Publicado por: Periódico Digital Vértice _: INTERNACIONALES _:

Agencias

Millones de ciudadanos chinos podrían verse privados de acceso a los lugares públicos o ser despedidos si no se vacunan contra el covid-19, según decretos adoptados por varias ciudades y condados.

China, país donde se detectó el primer brote de la pandemia en diciembre de 2019, ya inyectó más de 1.400 millones de vacunas y aspira a inmunizar totalmente a los dos tercios de la población antes de fin de año.

Sin embargo, numerosos chinos rechazan la vacunación ya sea porque no tienen confianza en las vacunas o consideran que no es necesario en la medida en que la epidemia ha sido prácticamente erradicada.

En reacción al recrudecimiento de la variante delta en los países vecinos, varias ciudades y condados decidieron imponer la vacunación a los habitantes, lo que podría anunciar una decisión nacional.

En Yunnan (suroeste) una de las 22 provincias chinas, la ciudad de Chuxiong (510.000 habitantes) anunció este miércoles que todos los ciudadanos mayores de 18 años tienen que haber recibido al menos una dosis de vacuna antes del 23 de julio.

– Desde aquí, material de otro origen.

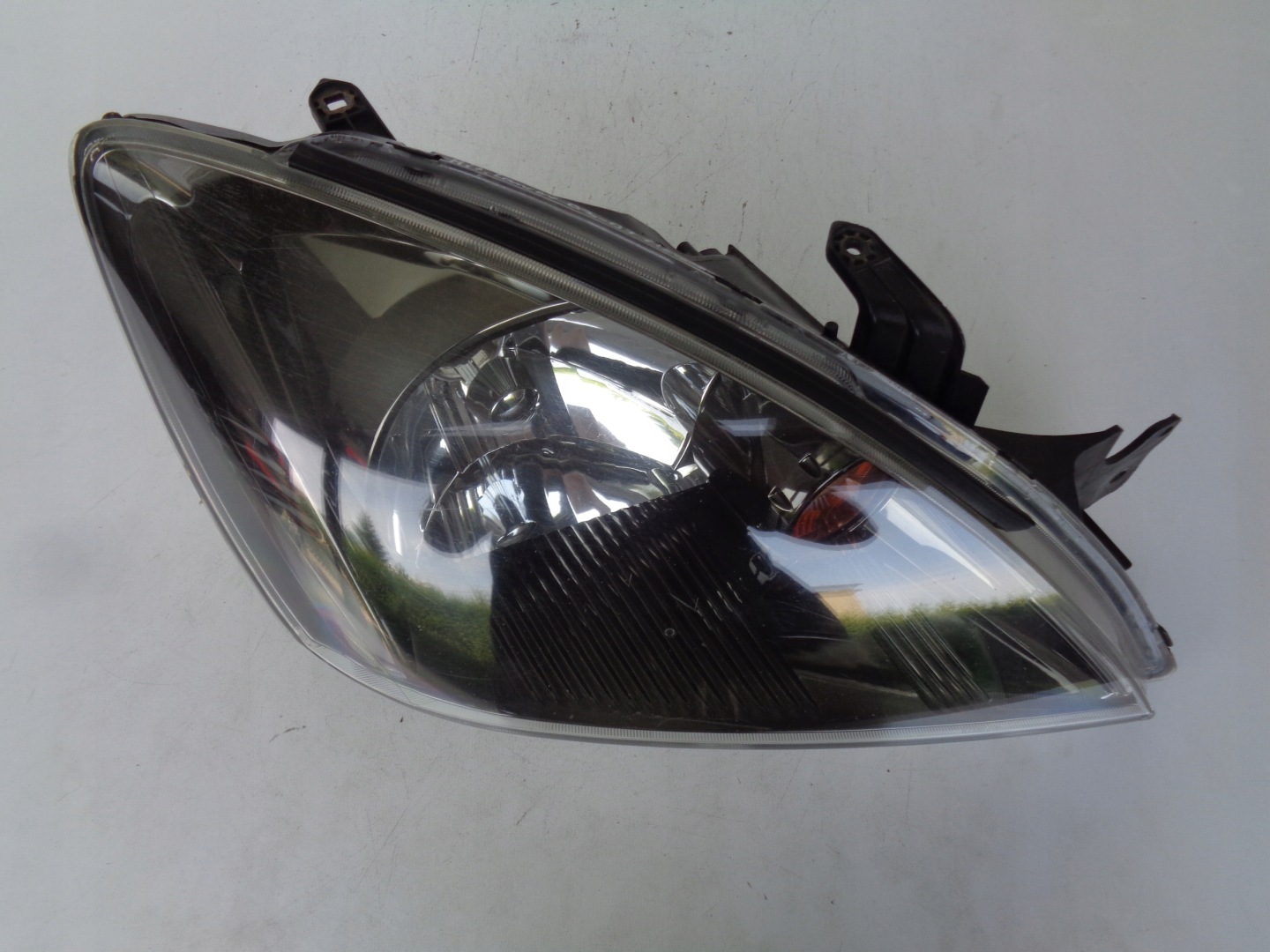 light right REFLEKTOR MITSUBISHI LANCER 03- CIEMNA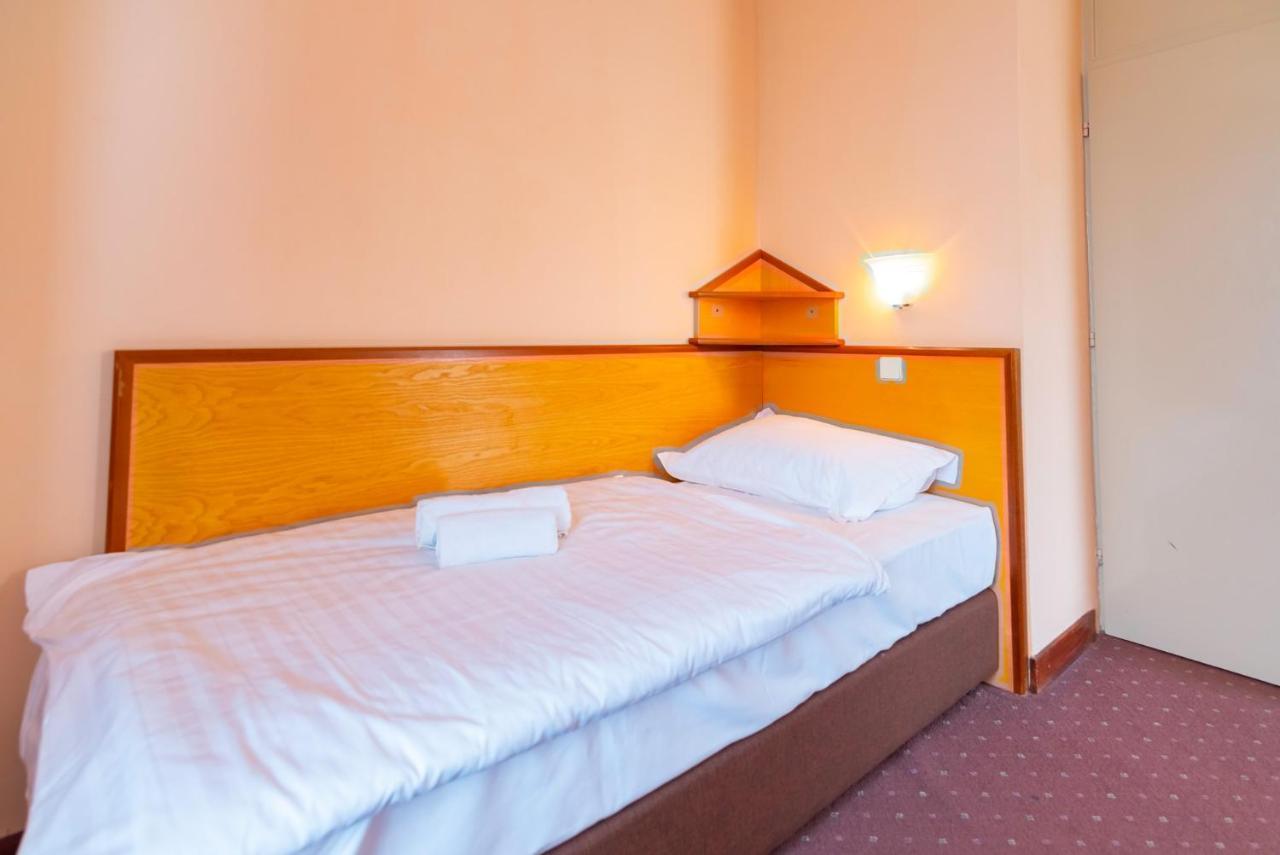 Hotel Park Čakovec Eksteriør bilde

Los que no lo hayan hecho “no serán admitidos en los lugares públicos como hospitales, residencias de ancianos, escuelas, bibliotecas, museos, cárceles o transportes públicos”, advirtió el alcalde de la ciudad.

Dentro de un mes, cuando ya se debería haber cumplido la pauta de vacunación, solo las personas que hayan recibido las dos inyecciones podrán acceder a esos lugares.

Las autoridades emitieron avisos similares en al menos una docena de ciudades y condados de todo el país, incluidos seis en la provincia oriental de Jiangxi, uno en Sichuan, uno en Gaungxi y tres en la provincia de Fujian.

Autoridades dicen que quieren inocular a entre el 70% y el 80% de la población local para septiembre, superando el objetivo nacional.

Las medidas son similares a las tomadas en Francia por el presidente Emmanuel Macron sobre la necesidad de poseer un certificado sanitario para acceder a la mayoría de los lugares públicos.

Aunque la medida no está exenta de polémicas y generó algunas propuestas, sin duda ya generó resultados: desde que se anunció, más de dos millones de franceses reservaron un turno para vacunarse contra el COVID. Según un sondeo publicado el martes, el plan es respaldado por la mayoría de los franceses.

No obstante, algunas regiones de China han tomado pasos más severos.

En Henan (centro), el condado de Tianhe amenazó con despedir a los funcionarios que no se hayan vacunado antes del 20 de julio, según un edicto publicado el lunes.

Esas medidas fueron criticadas en las redes sociales. “Primero nos dijeron que la vacunación era facultativa y ahora es obligatoria”, protestó un internauta en la red social Weibo.

En los últimos meses, varias colectividades intentaron desarrollar la vacunación, al parecer sin mucho éxito, regalando bonos de compra o huevos frescos a cambio de una inyección.

El éxito de China en la represión del brote de coronavirus -además de la preocupación por la seguridad de las vacunas- hizo que la campaña de vacunación del país se lanzara el año pasado con un bajo nivel de aceptación, por lo que las autoridades han recurrido a una serie de incentivos para aumentar el número de inoculaciones.

Hasta el martes, China había administrado más de 1.400 millones de dosis de vacunas Covid-19, dijo la Comisión Nacional de Salud, sin especificar el número de personas vacunadas.